William Cornwallis Cornwallis-West VD JP (20 March 1835 – 4 July 1917), was a British landowner, politician for seven years from 1885 and raised the 6th (Ruthin) Denbighshire Rifle Volunteer Corps followed by further ceremonial duties in the wider territorial army in Wales.

Early life 
He was born William Cornwallis West. He was a son of Frederick Richard West, a Tory MP for Denbigh Boroughs and East Grinstead who was a member of the Canterbury Association and his wife who was born Theresa Whitby.  His father first married Lady Georgiana Stanhope (a daughter of Philip Stanhope, 5th Earl of Chesterfield).

His paternal grandfather was  Frederick West (a son of John West, 2nd Earl De La Warr). His maternal grandparents were both Royal Navy figures: John Whitby and Mary Anne Theresa Symonds (heiress to the fortune of Admiral William Cornwallis). 

He was called to the Bar, Lincoln's Inn, in 1862.

Career 
Cornwallis-West was High Sheriff of Denbighshire in 1872, Lord-Lieutenant of Denbighshire from 1872 to 1917, and a Justice of the Peace for Hampshire and Denbighshire. In 1885 he won a fought election to Parliament for Denbighshire West as a Liberal, a seat he held until 1892 latterly as a Liberal Unionist (which took an anti-Irish Home Rule line).
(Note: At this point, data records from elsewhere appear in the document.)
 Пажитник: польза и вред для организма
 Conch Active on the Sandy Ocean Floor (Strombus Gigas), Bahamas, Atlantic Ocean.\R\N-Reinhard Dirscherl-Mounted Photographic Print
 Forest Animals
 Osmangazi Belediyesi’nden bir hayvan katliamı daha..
He lost to the Liberal Party's candidate that year as the parties began their clearer left/right split. He raised the 6th (Ruthin) Denbighshire Rifle Volunteer Corps in 1861 and became commanding officer of the 1st Volunteer Battalion, Royal Welch Fusiliers in 1885. In 1890 he became Honorary Colonel of the battalion and later of its successor, the 4th (Denbighshire) Battalion, Royal Welch Fusiliers in the Territorial Force. In 1895 he assumed by deed poll the surname of Cornwallis-West. In his most active years he lived simultaneously in London, at Ruthin Castle, Denbighshire and at Newlands Manor, Milford, Hampshire.

Personal life 
Cornwallis-West married Mary ("Patsy"), daughter of  Frederick Fitzpatrick, in 1872. Born in 1856, "Patsy" was 17 years old. She was known as a great beauty and leading socialite. 
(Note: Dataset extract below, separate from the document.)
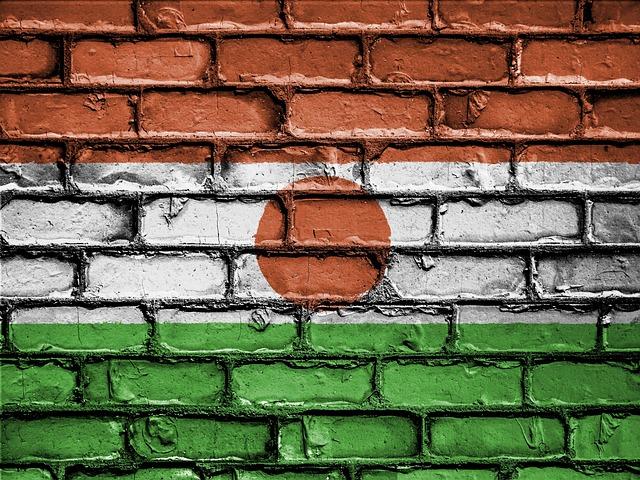 Niger Junta expels three Chinese oil executives – MSN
Their children all endured divorce:

 Daisy Cornwallis-West (1873–1943), who married Prince Hans Heinrich XV von Hochberg (going by the name Henry of Pless from 1914).
 George Cornwallis-West (1874–1951), second husband of Lady Randolph Churchill (the American heiress formerly known as Jennie Jerome), mother of Winston Churchill. After their 1914 divorce, he married actress and beauty (including poster and painting subject) Mrs Patrick Campbell known as Mrs Pat – before her earlier marriage known as Beatrice R.S. Tanner.
 Constance (known as Shelagh) Cornwallis-West (1875–1970), who married Hugh Grosvenor, 2nd Duke of Westminster. They divorced and she married her private secretary and agent, Captain John Fitzpatrick Lewis.

Cornwallis-West died in July 1917, aged 82. His widow died in July 1920, shortly after returning from Monaco, at her family's Arnewood House which has a half-wooded holding  north of her other mansion: Newlands.

Newlands Manor

George, who had already been declared bankrupt, after the sale of certain lots, decided to dispose of the bulk – the rest – of the Hampshire estate so astutely acquired by his great-grandmother.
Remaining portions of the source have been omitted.